Send commit concurrently in client side #59

zuston · 2022-07-16T10:44:26Z

What changes were proposed in this pull request?

Sending commit concurrently in client side

Why are the changes needed?

I found when using the LOCALFILE storageType, waiting the commit will cost too much time. To speed up, it can be sent commit concurrently by using thread pool.

Performance Test Case
Using 1000 executors of Spark, single executor 1g/1core to run TeraSort 1TB.

When using LOCALFILE storageType mode, it cost 7.3 min.
And then after applying this PR, it cost 6.1 min

Does this PR introduce any user-facing change?

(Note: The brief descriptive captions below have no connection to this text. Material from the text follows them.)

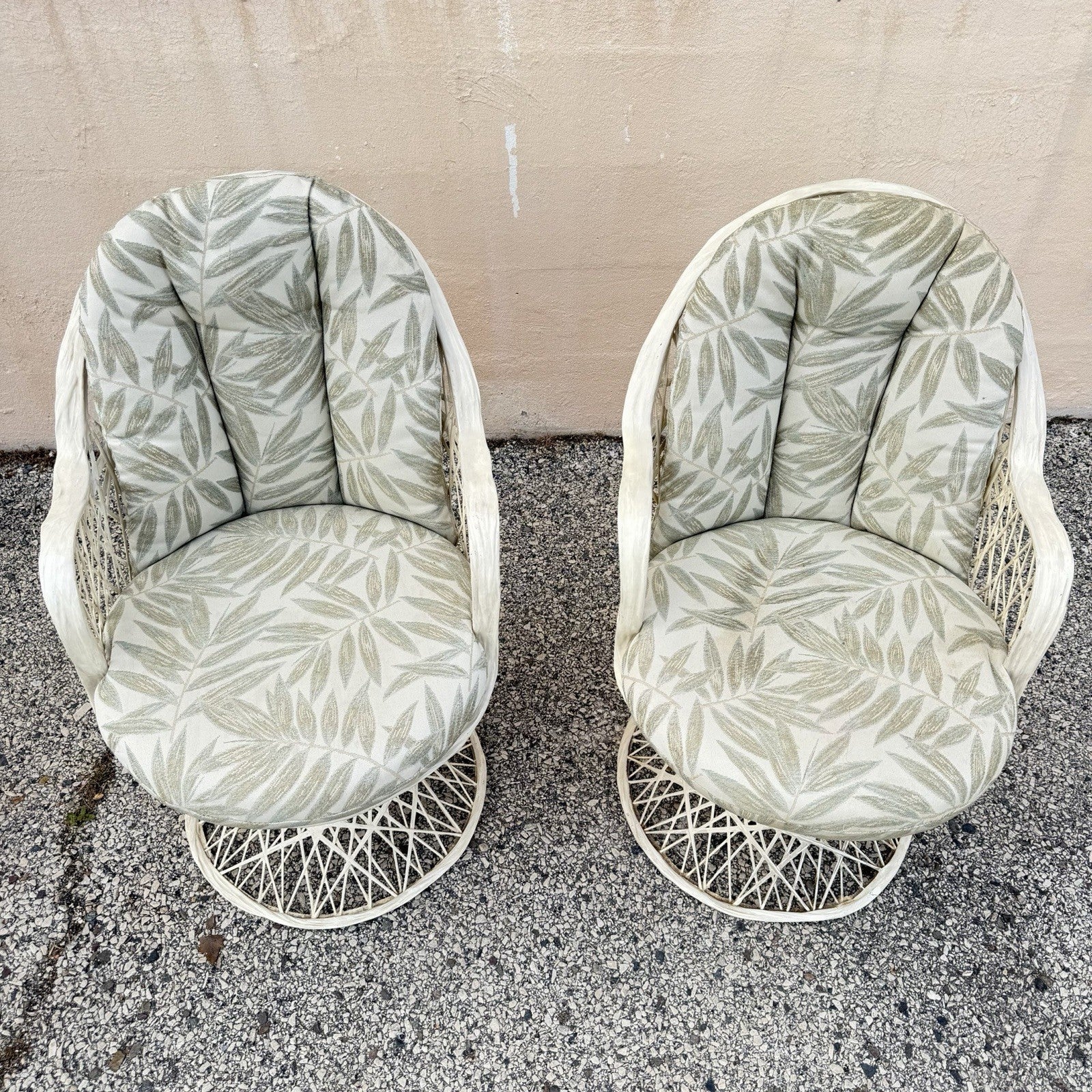 Vintage Russell Woodard Mid Century Spun Fiberglass Pedestal Base Arm Chair Pair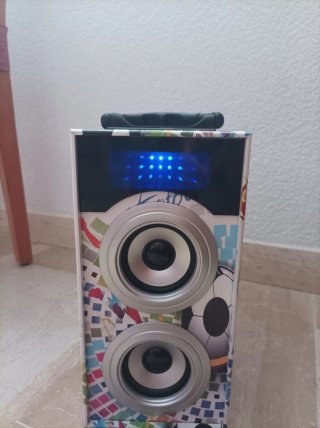 Altavoz Bluetooth BBQ Multicolor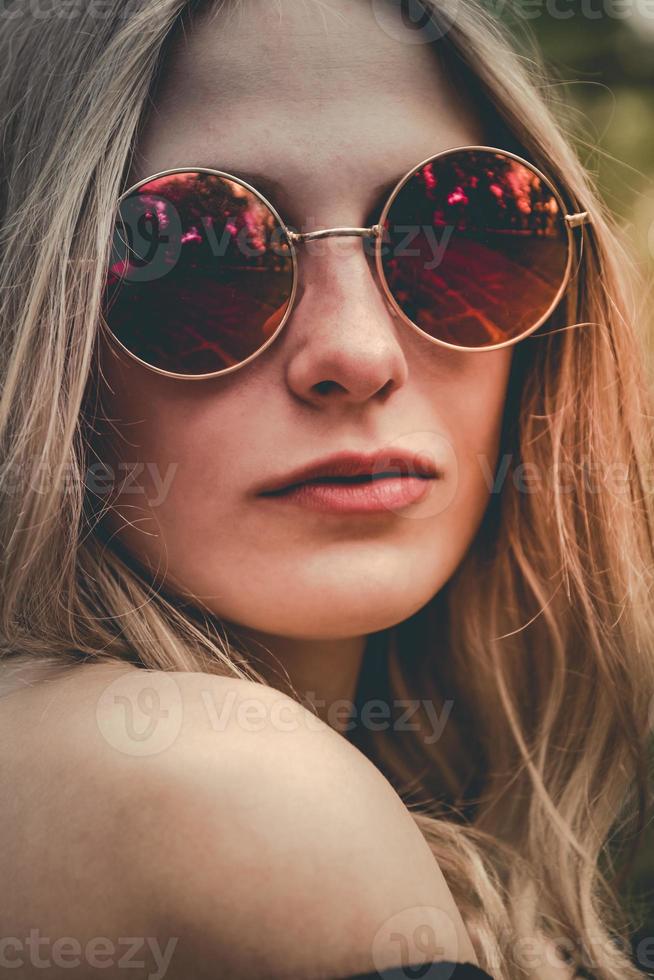 mujer con gafas de sol redondas rojas 10482554 Foto de stock en Vecteezy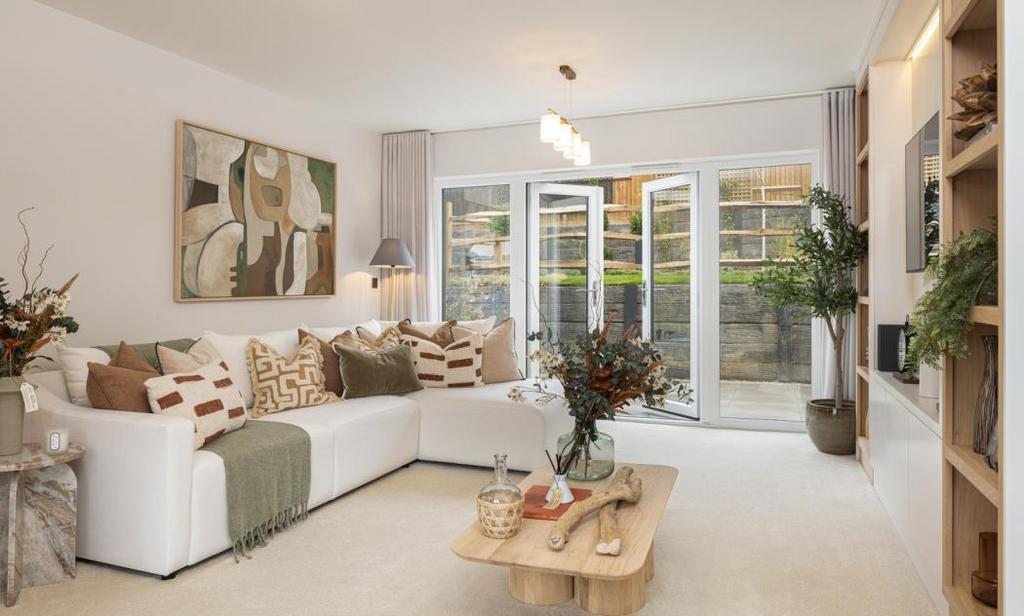 Dandara - The Russetts - The Sycamore, Home 23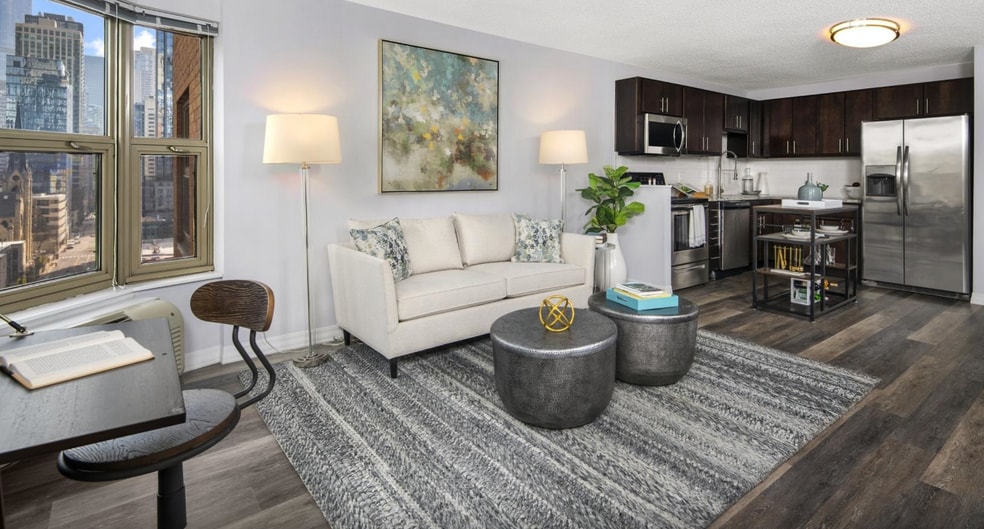 Building Photo - 21 W Chestnut St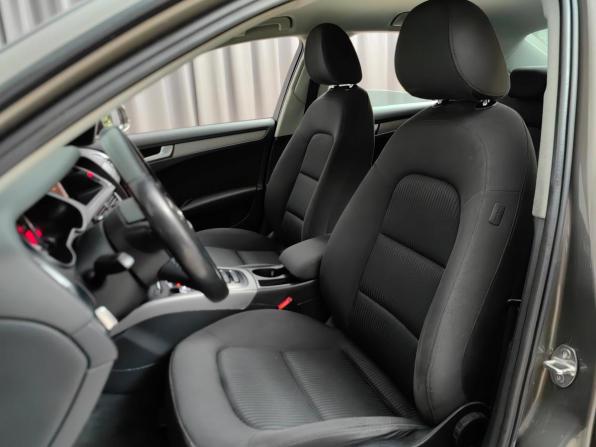Audi A4 IV (B8) Рестайлинг с пробегом 2014 года, цена 1 099 000 рублей, 142000 км, седан, Автокод Объявления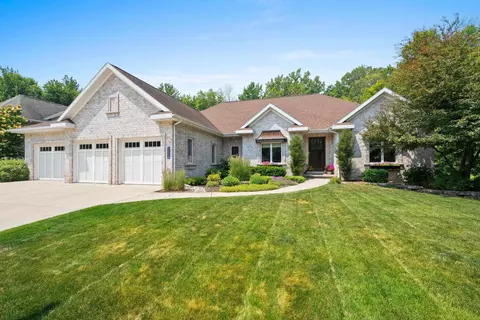 1133 Folkestone Dr, Green Bay, WI 54313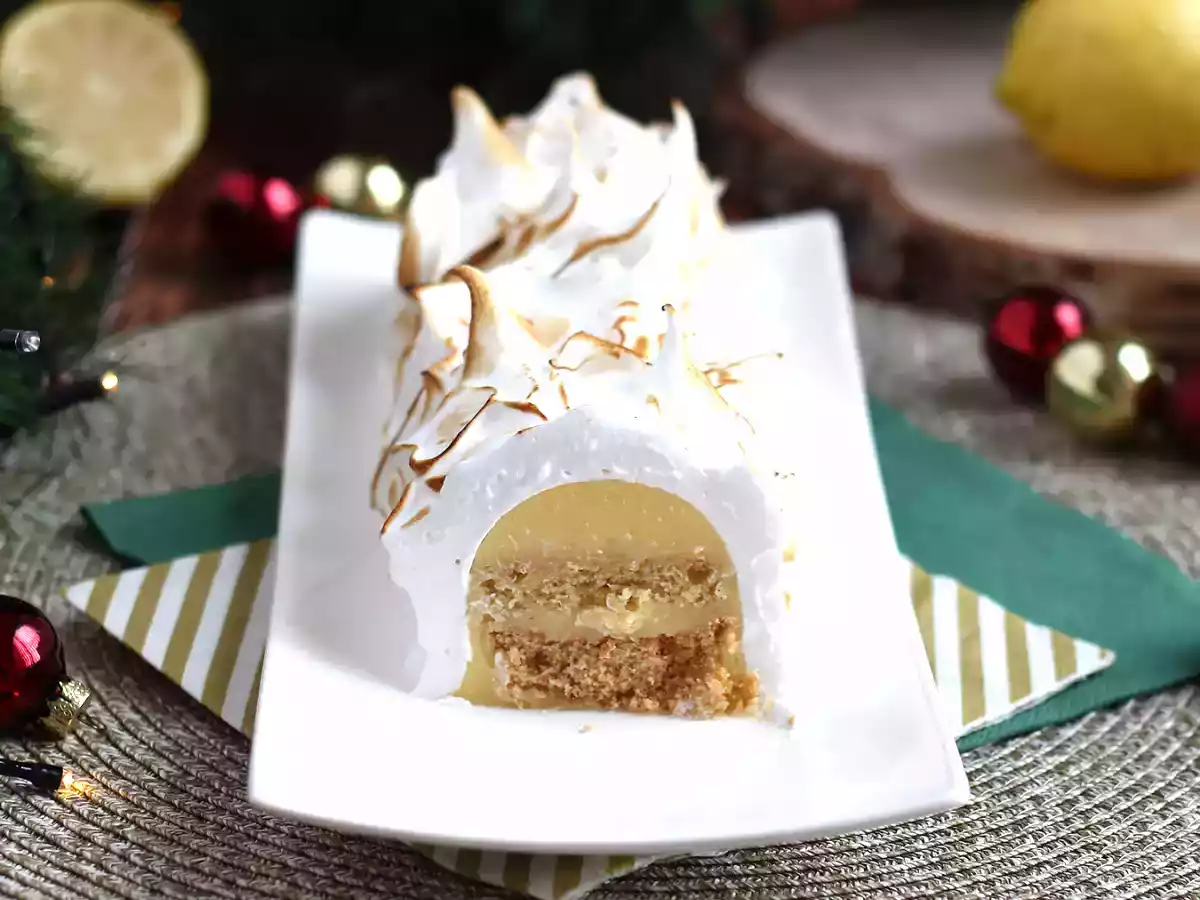 Bûche s citronovou pusinkou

Introducing the conf of rss.client.data.commit.pool.size, the default value is assigned shuffle server size.

How was this patch tested?

No need

codecov-commenter · 2022-07-16T10:58:06Z

Codecov Report

Merging #59 (e392f1e) into master (e48f74e) will decrease coverage by 0.04%.
The diff coverage is 8.57%.

@@             Coverage Diff              @@
##             master      #59      +/-   ##
============================================
- Coverage     55.21%   55.16%   -0.05%     
+ Complexity     1111     1110       -1     
============================================
  Files           148      148              
  Lines          7953     7962       +9     
  Branches        760      760              
============================================
+ Hits           4391     4392       +1     
- Misses         3321     3328       +7     
- Partials        241      242       +1

Impacted Files	Coverage Δ
.../java/org/apache/hadoop/mapreduce/RssMRConfig.java	`87.50% <ø> (ø)`
...n/java/org/apache/hadoop/mapreduce/RssMRUtils.java	`31.70% <0.00%> (-0.40%)`	⬇️
.../java/org/apache/spark/shuffle/RssSparkConfig.java	`88.88% <ø> (ø)`
...e/uniffle/client/factory/ShuffleClientFactory.java	`0.00% <ø> (ø)`
...rg/apache/uniffle/client/util/RssClientConfig.java	`0.00% <ø> (ø)`
...he/uniffle/client/impl/ShuffleWriteClientImpl.java	`25.95% <8.82%> (-0.04%)`	⬇️
.../apache/uniffle/coordinator/ClientConfManager.java	`91.54% <0.00%> (-1.41%)`	⬇️

Continue to review full report at Codecov.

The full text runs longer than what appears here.